WHAT YOU NEED TO DO:
Copy nothing but the lines below, from the one with "Lanț de accidente" through the one with "Used 2021 GMC", exactly as written; no pictures should appear.

SOURCE RECORDS:
- - - - -

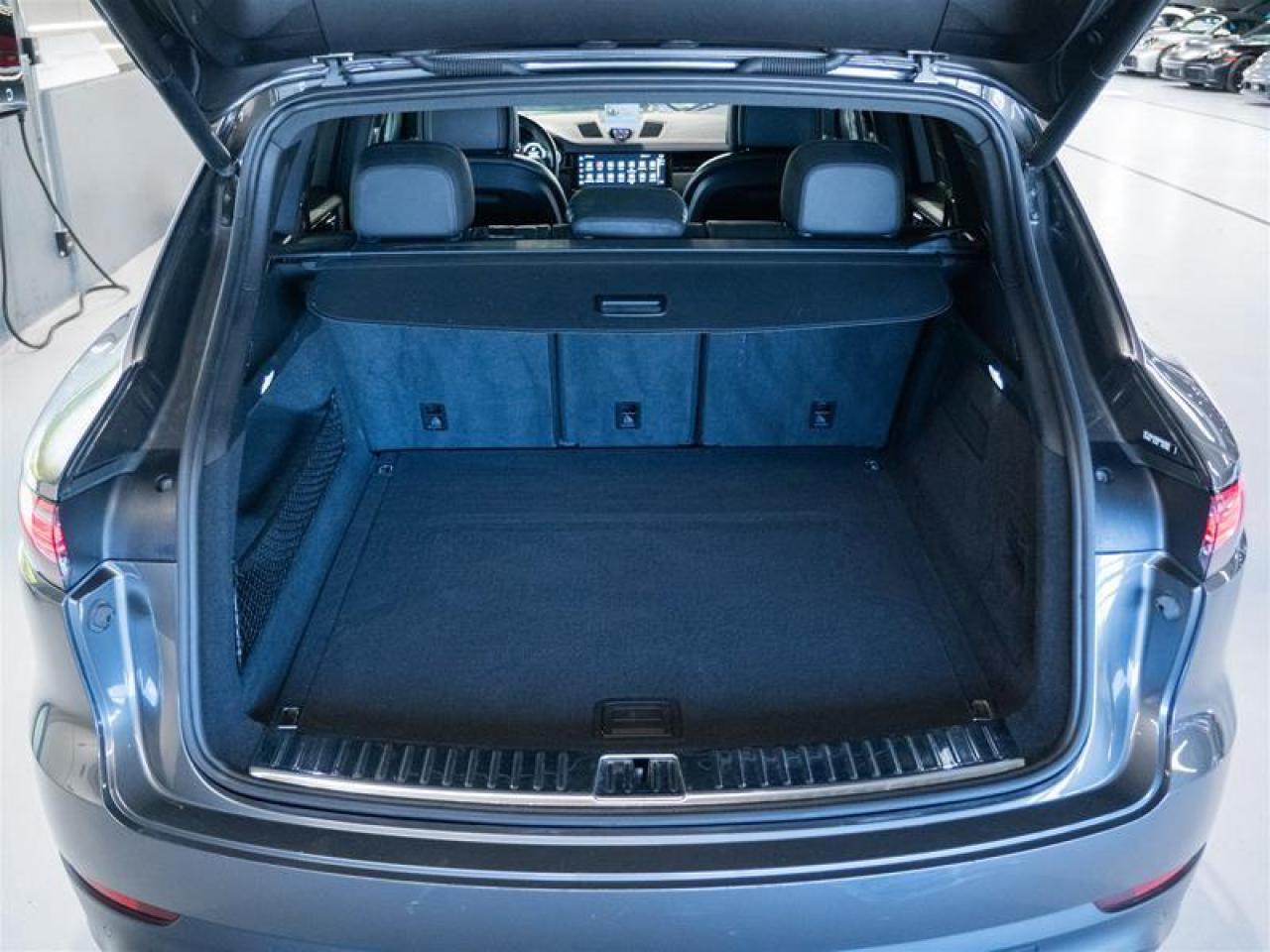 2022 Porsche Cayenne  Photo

- - - - -

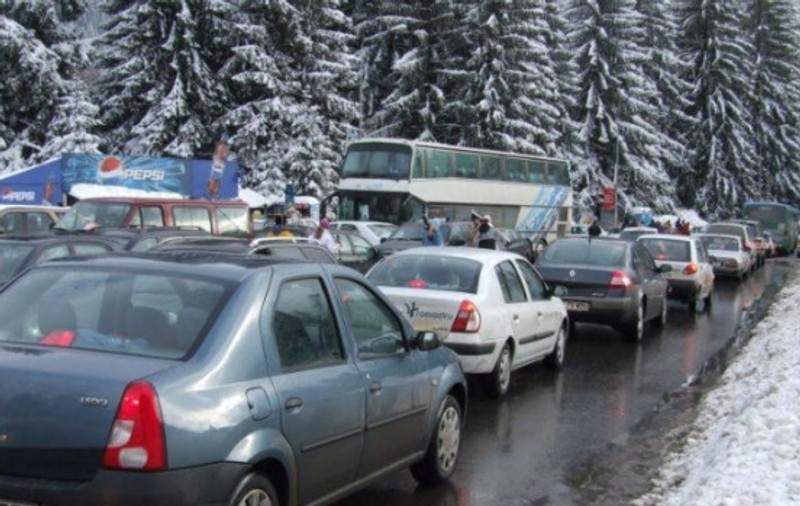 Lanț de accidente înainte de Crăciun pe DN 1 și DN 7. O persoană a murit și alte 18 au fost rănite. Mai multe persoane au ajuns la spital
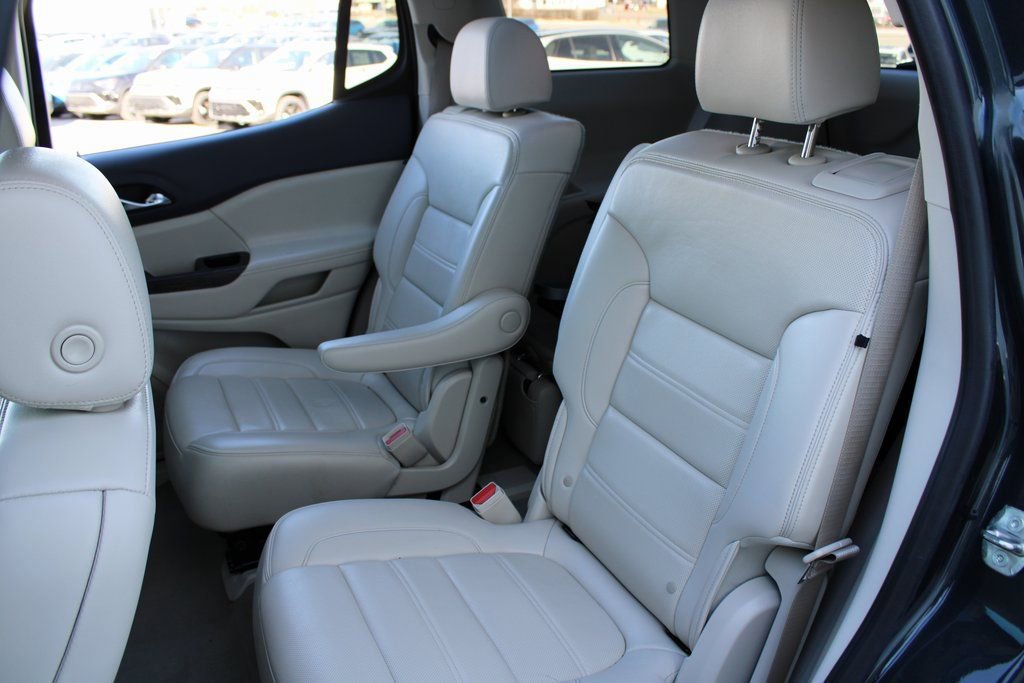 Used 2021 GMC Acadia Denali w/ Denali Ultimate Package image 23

- - - - -

WRITTEN ANSWER:
 Lanț de accidente înainte de Crăciun pe DN 1 și DN 7. O persoană a murit și alte 18 au fost rănite. Mai multe persoane au ajuns la spital
 Used 2021 GMC Acadia Denali w/ Denali Ultimate Package image 23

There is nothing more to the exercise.